Fifty-three percent of Americans say they want Republicans — not President Barack Obama — to set the nation's agenda in the coming year, says a new Gallup poll.
The survey of 828 voters
conducted Thursday through Sunday found that only 36 percent said they wanted the Democratic president to steer the national discourse. That is down from the 46 percent who responded that way in a January 2012
In a November 2010 survey, 49 percent said they wanted the GOP in the driver's seat, compared with 41 percent for Obama.
The latest Gallup survey comes a week after Republicans retook the Senate and won the largest number of seats in the House since World War II.
Kentucky GOP Sen. Mitch McConnell, who was overwhelmingly re-elected to a sixth term last week, will replace Nevada Democratic Sen.
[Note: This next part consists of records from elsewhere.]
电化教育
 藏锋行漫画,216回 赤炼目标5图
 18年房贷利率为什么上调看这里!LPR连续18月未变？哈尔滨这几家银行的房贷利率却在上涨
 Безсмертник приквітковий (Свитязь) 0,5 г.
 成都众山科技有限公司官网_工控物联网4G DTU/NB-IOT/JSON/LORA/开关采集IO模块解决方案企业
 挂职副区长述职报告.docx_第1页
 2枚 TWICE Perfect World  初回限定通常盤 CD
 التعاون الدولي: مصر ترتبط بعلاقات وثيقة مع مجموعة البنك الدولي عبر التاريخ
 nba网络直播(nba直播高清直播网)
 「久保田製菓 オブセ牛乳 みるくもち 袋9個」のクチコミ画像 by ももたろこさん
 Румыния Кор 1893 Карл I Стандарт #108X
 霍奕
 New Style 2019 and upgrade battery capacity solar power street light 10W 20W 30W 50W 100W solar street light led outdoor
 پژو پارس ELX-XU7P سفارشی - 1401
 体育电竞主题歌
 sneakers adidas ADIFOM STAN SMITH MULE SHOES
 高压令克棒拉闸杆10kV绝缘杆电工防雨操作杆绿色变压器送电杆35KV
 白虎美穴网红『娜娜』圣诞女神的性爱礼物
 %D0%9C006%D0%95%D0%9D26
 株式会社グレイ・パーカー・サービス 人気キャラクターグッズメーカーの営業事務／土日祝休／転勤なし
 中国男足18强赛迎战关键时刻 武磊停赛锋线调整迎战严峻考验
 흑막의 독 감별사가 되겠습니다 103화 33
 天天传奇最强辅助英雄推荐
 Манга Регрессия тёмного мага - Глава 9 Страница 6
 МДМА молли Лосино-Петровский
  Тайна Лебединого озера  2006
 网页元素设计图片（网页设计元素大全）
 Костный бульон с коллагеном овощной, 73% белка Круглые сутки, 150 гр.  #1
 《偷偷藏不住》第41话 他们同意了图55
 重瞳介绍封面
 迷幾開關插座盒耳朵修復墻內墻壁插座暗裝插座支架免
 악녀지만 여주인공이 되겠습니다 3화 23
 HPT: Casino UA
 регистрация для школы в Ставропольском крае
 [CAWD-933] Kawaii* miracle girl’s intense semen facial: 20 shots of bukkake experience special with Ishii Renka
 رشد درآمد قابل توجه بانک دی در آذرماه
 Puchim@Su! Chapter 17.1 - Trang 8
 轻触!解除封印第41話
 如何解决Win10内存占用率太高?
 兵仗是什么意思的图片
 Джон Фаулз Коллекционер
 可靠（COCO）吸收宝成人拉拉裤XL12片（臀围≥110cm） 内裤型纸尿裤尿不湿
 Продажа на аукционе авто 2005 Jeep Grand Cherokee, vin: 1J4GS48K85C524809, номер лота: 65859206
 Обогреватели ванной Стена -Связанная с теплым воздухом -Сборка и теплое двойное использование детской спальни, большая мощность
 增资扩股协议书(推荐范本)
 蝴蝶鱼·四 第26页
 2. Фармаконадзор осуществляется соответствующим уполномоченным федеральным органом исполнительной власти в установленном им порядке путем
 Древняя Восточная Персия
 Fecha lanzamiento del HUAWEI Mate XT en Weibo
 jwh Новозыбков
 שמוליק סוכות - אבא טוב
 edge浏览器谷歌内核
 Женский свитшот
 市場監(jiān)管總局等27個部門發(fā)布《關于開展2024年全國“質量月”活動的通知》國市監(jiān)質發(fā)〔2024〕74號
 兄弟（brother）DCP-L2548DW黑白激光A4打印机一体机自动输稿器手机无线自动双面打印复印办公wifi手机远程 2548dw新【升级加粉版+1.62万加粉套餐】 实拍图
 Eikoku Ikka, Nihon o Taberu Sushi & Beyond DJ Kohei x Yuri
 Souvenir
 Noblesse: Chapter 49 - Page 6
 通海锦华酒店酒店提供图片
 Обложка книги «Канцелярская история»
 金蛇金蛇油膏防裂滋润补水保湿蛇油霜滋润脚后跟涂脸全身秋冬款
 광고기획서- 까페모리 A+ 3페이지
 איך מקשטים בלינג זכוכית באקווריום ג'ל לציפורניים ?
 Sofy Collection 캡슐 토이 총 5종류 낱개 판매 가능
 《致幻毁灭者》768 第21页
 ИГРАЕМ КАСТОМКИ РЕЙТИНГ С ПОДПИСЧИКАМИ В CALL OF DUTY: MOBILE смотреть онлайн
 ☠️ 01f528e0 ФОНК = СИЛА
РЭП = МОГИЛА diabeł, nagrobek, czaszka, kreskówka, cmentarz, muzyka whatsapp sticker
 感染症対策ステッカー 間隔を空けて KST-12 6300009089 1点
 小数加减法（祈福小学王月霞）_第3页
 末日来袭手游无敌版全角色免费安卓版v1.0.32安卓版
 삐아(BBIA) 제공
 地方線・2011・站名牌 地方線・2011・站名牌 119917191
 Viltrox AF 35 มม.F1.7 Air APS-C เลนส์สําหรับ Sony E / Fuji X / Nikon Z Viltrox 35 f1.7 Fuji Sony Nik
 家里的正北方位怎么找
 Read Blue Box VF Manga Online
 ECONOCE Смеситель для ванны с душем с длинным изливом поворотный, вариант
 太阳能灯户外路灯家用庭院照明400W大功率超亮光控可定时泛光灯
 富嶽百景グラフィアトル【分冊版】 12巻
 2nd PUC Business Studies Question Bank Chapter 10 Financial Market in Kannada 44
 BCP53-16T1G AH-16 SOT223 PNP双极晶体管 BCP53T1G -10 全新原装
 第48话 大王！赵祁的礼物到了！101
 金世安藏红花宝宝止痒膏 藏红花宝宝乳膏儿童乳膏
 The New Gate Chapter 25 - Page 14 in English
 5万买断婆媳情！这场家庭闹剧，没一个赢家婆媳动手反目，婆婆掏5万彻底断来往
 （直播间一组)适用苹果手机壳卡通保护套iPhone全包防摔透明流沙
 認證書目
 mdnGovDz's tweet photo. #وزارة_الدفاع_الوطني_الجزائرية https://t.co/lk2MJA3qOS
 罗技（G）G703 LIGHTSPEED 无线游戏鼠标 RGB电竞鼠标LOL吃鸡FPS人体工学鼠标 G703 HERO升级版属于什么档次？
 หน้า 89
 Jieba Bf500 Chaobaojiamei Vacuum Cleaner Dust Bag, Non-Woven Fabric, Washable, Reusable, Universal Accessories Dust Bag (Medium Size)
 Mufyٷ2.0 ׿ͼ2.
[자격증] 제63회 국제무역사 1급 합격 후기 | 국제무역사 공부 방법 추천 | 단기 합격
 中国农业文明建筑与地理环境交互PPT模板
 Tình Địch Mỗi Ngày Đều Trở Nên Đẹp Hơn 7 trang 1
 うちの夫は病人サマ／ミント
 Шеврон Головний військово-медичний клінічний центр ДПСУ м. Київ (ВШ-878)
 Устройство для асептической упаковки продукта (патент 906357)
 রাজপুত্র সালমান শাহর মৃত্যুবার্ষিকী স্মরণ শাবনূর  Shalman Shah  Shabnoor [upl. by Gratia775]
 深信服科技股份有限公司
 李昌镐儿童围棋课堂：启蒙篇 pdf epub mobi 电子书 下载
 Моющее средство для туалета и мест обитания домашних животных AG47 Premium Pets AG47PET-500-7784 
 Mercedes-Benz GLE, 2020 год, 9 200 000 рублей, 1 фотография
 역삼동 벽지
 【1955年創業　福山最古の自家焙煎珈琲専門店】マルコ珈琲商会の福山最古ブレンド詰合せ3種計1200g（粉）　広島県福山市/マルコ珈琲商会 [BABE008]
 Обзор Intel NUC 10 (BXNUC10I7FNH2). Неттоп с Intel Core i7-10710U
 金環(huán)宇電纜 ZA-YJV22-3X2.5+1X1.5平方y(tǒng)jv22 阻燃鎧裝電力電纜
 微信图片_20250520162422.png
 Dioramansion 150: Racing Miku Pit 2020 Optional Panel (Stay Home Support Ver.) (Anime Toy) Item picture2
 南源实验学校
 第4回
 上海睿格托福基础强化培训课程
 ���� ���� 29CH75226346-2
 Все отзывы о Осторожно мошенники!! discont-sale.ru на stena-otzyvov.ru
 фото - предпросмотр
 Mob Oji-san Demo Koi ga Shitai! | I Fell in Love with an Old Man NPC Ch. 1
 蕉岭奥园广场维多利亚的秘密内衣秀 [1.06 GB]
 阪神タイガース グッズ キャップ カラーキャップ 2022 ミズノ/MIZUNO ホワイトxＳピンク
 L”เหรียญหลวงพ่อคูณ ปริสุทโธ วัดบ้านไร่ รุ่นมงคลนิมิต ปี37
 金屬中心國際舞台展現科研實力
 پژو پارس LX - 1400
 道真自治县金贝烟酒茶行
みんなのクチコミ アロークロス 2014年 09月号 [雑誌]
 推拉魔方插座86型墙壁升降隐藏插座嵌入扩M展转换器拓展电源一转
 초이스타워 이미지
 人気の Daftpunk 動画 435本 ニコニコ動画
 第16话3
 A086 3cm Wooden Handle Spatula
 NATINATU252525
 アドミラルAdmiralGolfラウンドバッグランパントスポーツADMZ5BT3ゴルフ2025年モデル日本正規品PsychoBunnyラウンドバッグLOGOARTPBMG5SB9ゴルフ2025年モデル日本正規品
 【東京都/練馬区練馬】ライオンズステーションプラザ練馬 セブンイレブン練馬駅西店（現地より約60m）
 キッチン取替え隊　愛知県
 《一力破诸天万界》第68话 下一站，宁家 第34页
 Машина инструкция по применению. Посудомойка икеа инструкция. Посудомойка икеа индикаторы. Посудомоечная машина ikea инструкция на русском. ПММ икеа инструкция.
Harry Reid as majority leader when the new Congress is sworn in come January.
Both chambers reconvene for the congressional lame-duck session on Wednesday.
The latest Gallup survey also found that while Americans would like to see the GOP in charge, "most are not expecting a major upturn in national conditions as a result of the Republicans' success at the polls," the polling firm said in its analysis.
While 34 percent responded that the country will be better off under Republican control of Congress, versus 19 percent who said that will not be the case, 44 percent said it won't make a difference.
"The midterm election provided a clear signal as to which party voters want to control Congress," Gallup said. "But, after four years of partisan gridlock, most Americans are not optimistic that the election's outcome will improve things."